Die Schlimmste ist, wie meistens übrigens: Die  Mutter. Sie mag das Mädchen nicht, ein aufgewecktes Ding. Den Jungen mag sie, aber auch an ihm lässt sie kein gutes Haar. Die Kinder sollen still sitzen und aus dem Fenster schauen. Wie Erwachsene. Sie appelliert an ihre Vernunft. Das geht so lange gut, bis die Brezel aufgegessen und die Apfelschorle getrunken ist. Also bis etwa fünf Minuten nach Einstieg. Die Kinder sind keine Sekunde in der Lage, sich mit sich selbst zu beschäftigen. Es gibt aber auch keine Bücher, Hörspiele, Daddelspiele, Malblöcke. Und wenn sie sich was ausdenken – das Mädchen spielt irgendwann Verkaufen, steht dazu auf und benutzt die Armlehne als Tresen, den boyfriend als Käufer, eigentlich ganz süß – dann würgt sie sie ab.

Ständig schnalzen ihre Drohungen über den Gang, und ihre noch unangenehmeren Enttäuschungsäußerungen: Mit euch kann man nicht mal zwei Stunden Zug fahren. Der Mann versucht aufrichtig, die Frau nach allen Regeln der Kunst zu unterstützen, die Kinder abzulenken, zu bespaßen. Das hält nie lange, sind sie wahrscheinlich auch nicht gewohnt. Sie droht: wenn sie nicht still sitzen, nicht aufhören, sich zu streiten (ein großes Hobby von ihnen), dann gibt es eine Strafe. Jetzt. Gleich! Beim nächsten Mal!! Die Strafe wird exekutiert: Stehen im Gang. (Ich bin etwas enttäuscht). Das hält die Mutter etwa 2 Sekunden durch, dann steht sie auf, flüstert irgendwas, die Kinder jubeln – und gehen an Mamas Hand wie eine glücklich schlendernde Familie in den Speisewagen. Weitere 2 Sekunden später ist sie zurück mit den beiden, die lieben Kleinen tragen je einen DB-Merchandising Artikel in den Händen. Ich bin verblüfft. Da soll noch einer mitkommen, selbst mir war der Sinneswandel und das Gemütsschwankungstempo zu rasant. Das blöde Hohl-Geschenk hält ebenfalls nur für 2 Sekunden.
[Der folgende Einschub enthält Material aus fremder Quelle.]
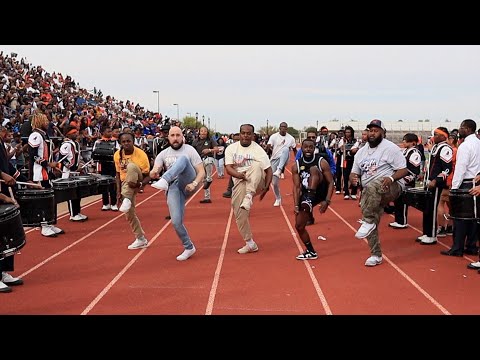 Langston Homecoming Funk Train 2023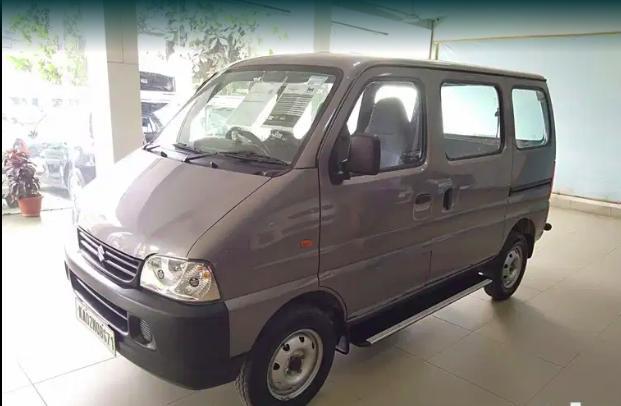 Maruti Suzuki Eeco 5 STR 2020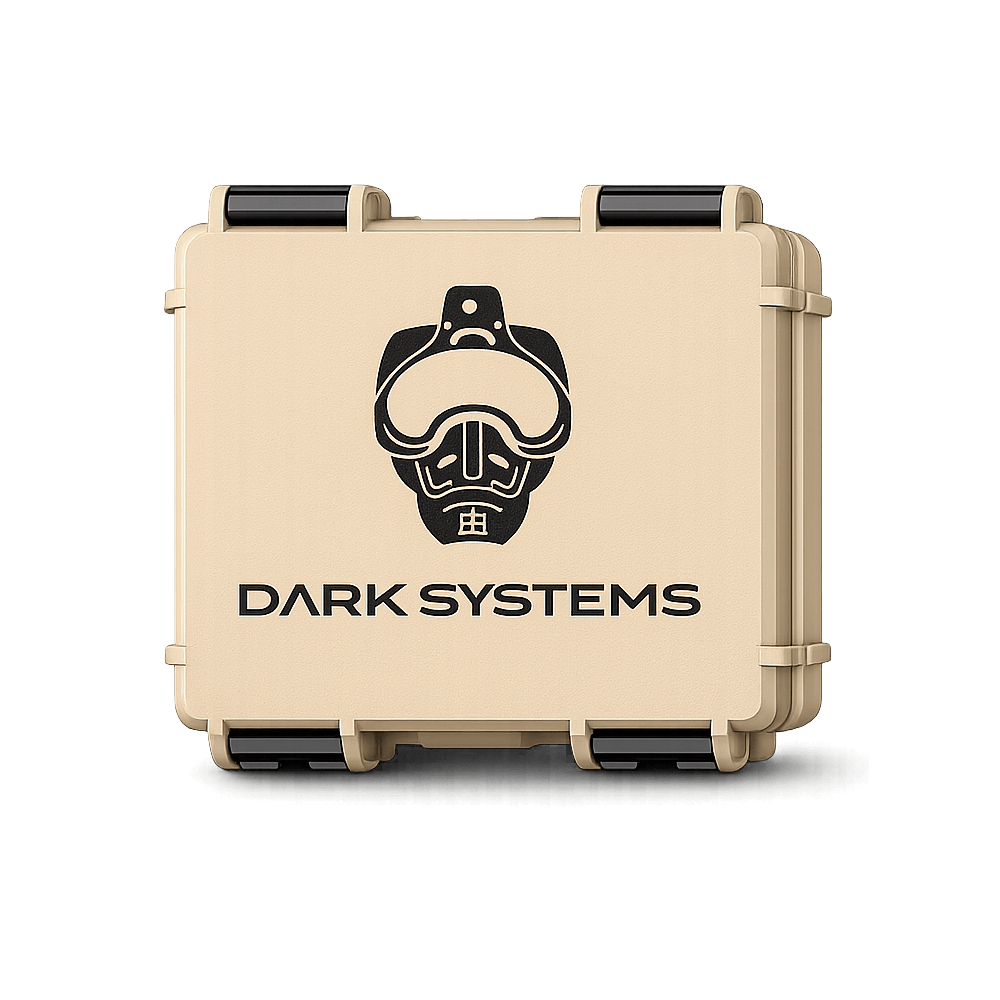 K9 SCENT VAULT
Die Frau redet immer mal mit ihrem Freund über andere, Freundin, Bekannte, Kollege. Ihr Grundton: Ich mache so viel, ich bin so anständig, ich kümmere mich um zwei Kinder, ich gehe arbeiten und DIE oder und DER: sitzt sich faul den Arsch platt. So siehts aus. Man kann so gut sein, wie man will, man wird am Ende immer von hinten gefickt. Sogar von den eigenen Kindern.

Das war keine schöne Fahrt mit euch, sagt sie am Ende, das war schrecklich und peinlich, nie wieder möchte ich mit euch Zug fahren.

Da kann ich ihr leider nur zustimmen.

Familie – bringing out the worst in you.